She said she had known Lord Shinkwin “a long time” and had sat with him on the National Disability Council, which was set up under the Disability Discrimination Act in 1995 (and later abolished when the Disability Rights Commission was established five years later).
She said: “The vast majority of my work is pan-disability and I’m very lucky I have a network of people with different impairments to speak to.
“I decided that with a massive change in how we operate (virtually) and we don’t know what the new world is going to be like, sitting around the table to be part of the discussion was important.”
Dolphin, who has also criticised past government social security reforms, said she had decided to join the commission because she wanted to “make a difference to the lives of disabled people” and that the main “driving force” for doing so was “the quality of the other commissioners and the important scope of the work”.

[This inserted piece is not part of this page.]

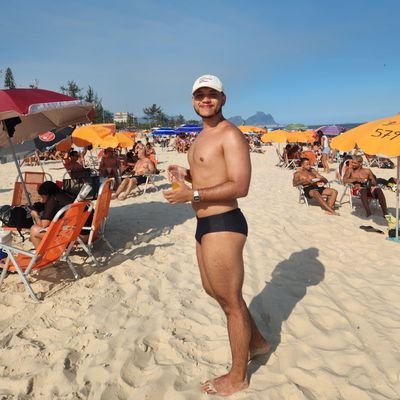 Quase 28 | touro | carioca.
mais nada de legal pra colocar na bio.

Hoque, who has carried out influential research exposing the flaws of the government’s Disability Confident scheme, said he had been working with Lord Shinkwin over the last year on issues such as the need for mandatory disability pay gap reporting, reform of Disability Confident, and the need for employers to do more on disability employment.
He said he hoped these recommendations for reform would “feature heavily in the Disability Commission’s thinking”.
He said he also hoped CSJ’s track record in influencing government policy would “prove extremely helpful” in ensuring these and other recommendations were included in the government’s Disability Strategy.
He added: “The bodies funding the CSJ will have no input into the commission or its recommendations, there are very strict editorial standards in place (and were they to try – not that they will – the commissioners would resist this with the utmost vehemence).”